An initial contract — the Coinbase User Agreement that respondents agreed to when they created their accounts — contains an arbitration provision with a delegation clause. Per this provision, an arbitrator must decide all disputes under the contract, including whether a given disagreement is arbitrable. A second contract — the Official Rules for a promotional sweepstakes respondents entered — contains a forum selection clause providing that California courts shall have sole jurisdiction of any controversies regarding the sweepstakes promotion. Respondents ultimately filed a class action in the U.S. District Court for the Northern District of California alleging that the sweepstakes violated various California laws. Coinbase moved to compel arbitration based on the User Agreement’s delegation clause. The District Court, however, determined that the Official Rules’ forum selection clause controlled the parties’ dispute, and accordingly denied the motion. The Ninth Circuit affirmed.

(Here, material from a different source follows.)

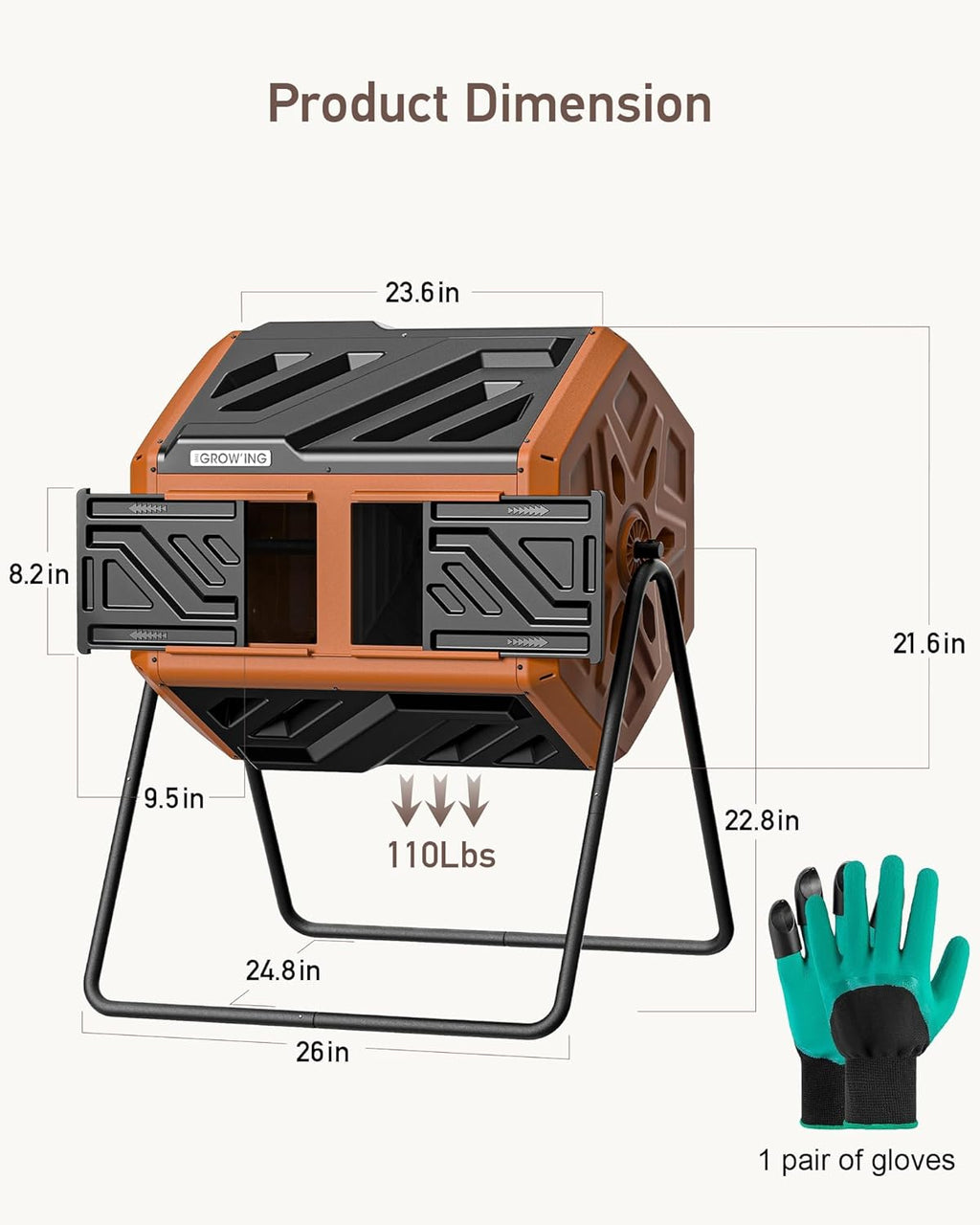 THEGROW'ING Updated 43 Gallon Outdoor Compost Bin. with Thermometer, Fast to Assemble. Tumbling Design, Dual Chambers. Rotating Function, Ideal for Outside, Backyard, Garden, Yard. Orange.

Further affirming, the U.S. Supreme Court, in a unanimous decision, reasoned as follows:
“Given that arbitration agreements are simply contracts, the first principle that underscores all of our arbitration decisions is that arbitration is strictly a matter of consent. Arbitration is a way to resolve those disputes — but only those disputes — that the parties have agreed to submit to arbitration. Consequently, the first question in any arbitration dispute must be: What have these parties agreed to?
“When we home in on the conflict between the delegation clause in the first contract and forum selection clause in the second, the question is whether the parties agreed to send the given dispute to arbitration—and, per usual, that question must be answered by a court….
“Assuming without deciding that the severability principle is implicated here, it is nonetheless satisfied. The severability principle establishes that a party seeking to avoid arbitration must directly challenge the arbitration or delegation clause, not just the contract as a whole. But this rule does not require that a party challenge only the arbitration or delegation provision. Rather, where a challenge applies ‘equally’ to the whole contract and to an arbitration or delegation provision, a court must address that challenge. Again, basic principles of contract and consent require that result. Arbitration and delegation agreements are simply contracts, and, normally, if a party says that a contract is invalid, the court must address that argument before deciding the merits of the contract dispute. So too here. If a party challenges the validity of the precise agreement to arbitrate at issue, the federal court must consider the challenge before ordering compliance with that arbitration agreement.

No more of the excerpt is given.